Data –
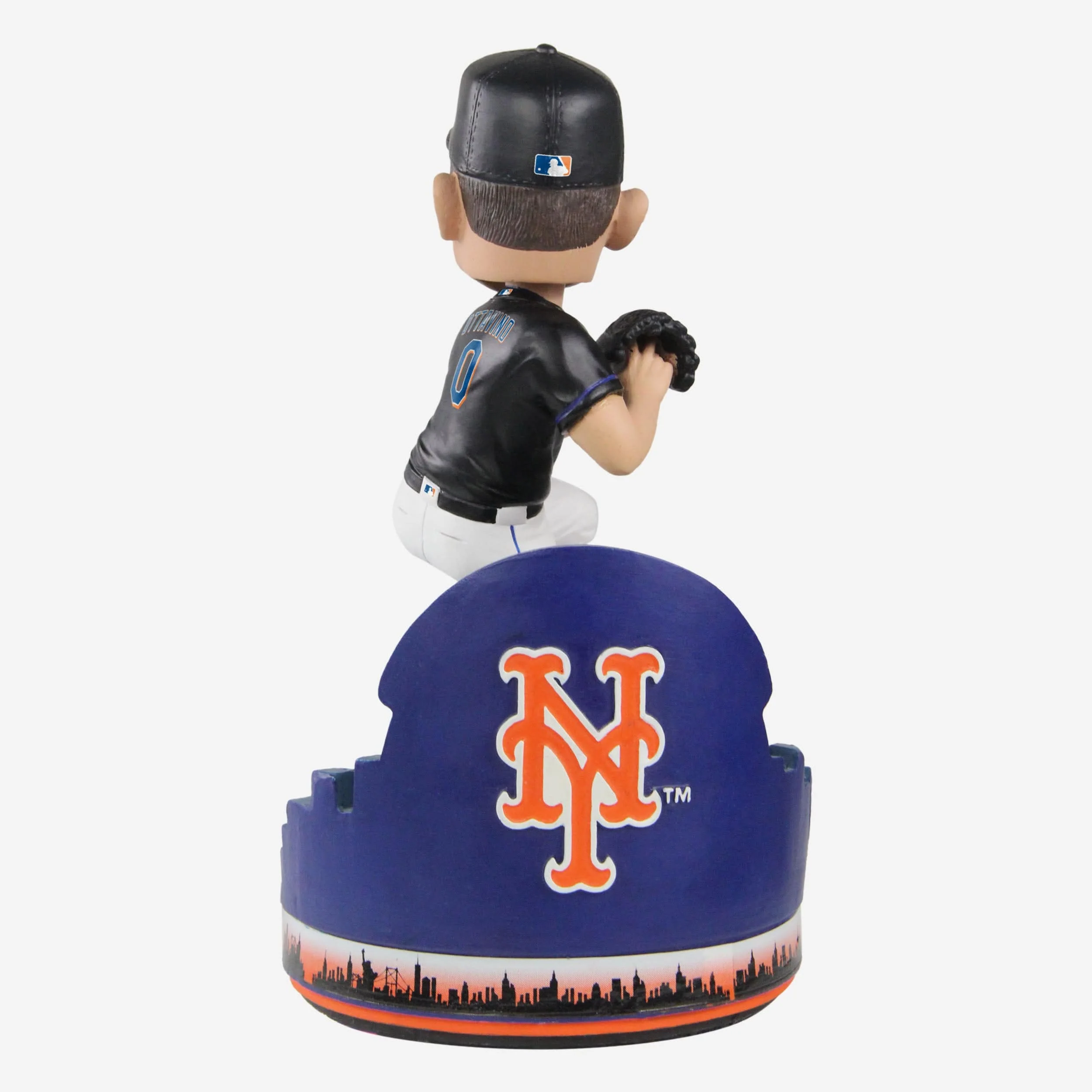 Adam Ottavino New York Mets Black Jersey Bobblehead 5 Adam Ottavino New York Mets Black Jersey Bobblehead
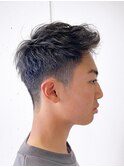 10代20代30代メンズ刈上ツーブロックショート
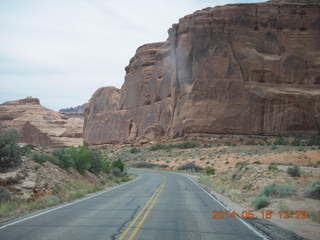 153 8mg. Arches National Park drive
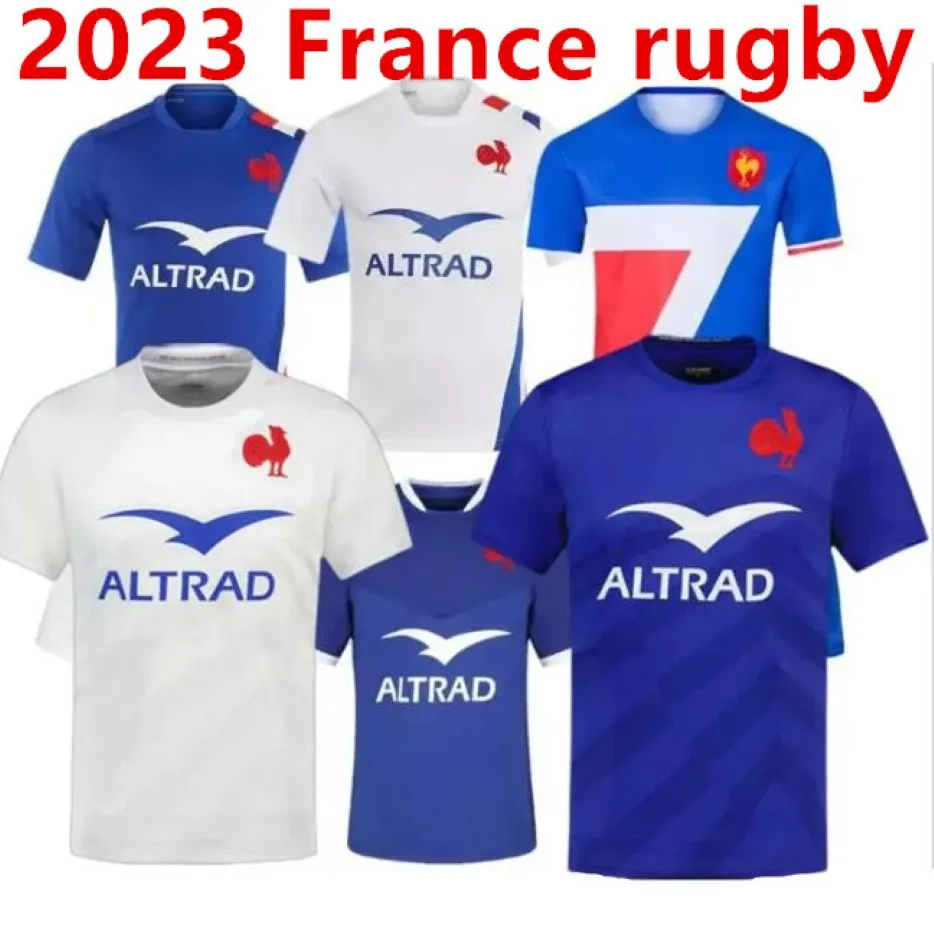 2022 2023 Frankrijk Super Rugby Jerseys 22 23 Maillot de voet boln shirt maat S-5xl topkwaliteit 2953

Problem statement – Pictures stay out; retype only the lines from the line containing "10代20代30代メンズ刈上ツーブロックショート" through the end of the listing, inclusive, exactly as they appear.

Task solution –
 10代20代30代メンズ刈上ツーブロックショート
 153 8mg. Arches National Park drive
 2022 2023 Frankrijk Super Rugby Jerseys 22 23 Maillot de voet boln shirt maat S-5xl topkwaliteit 2953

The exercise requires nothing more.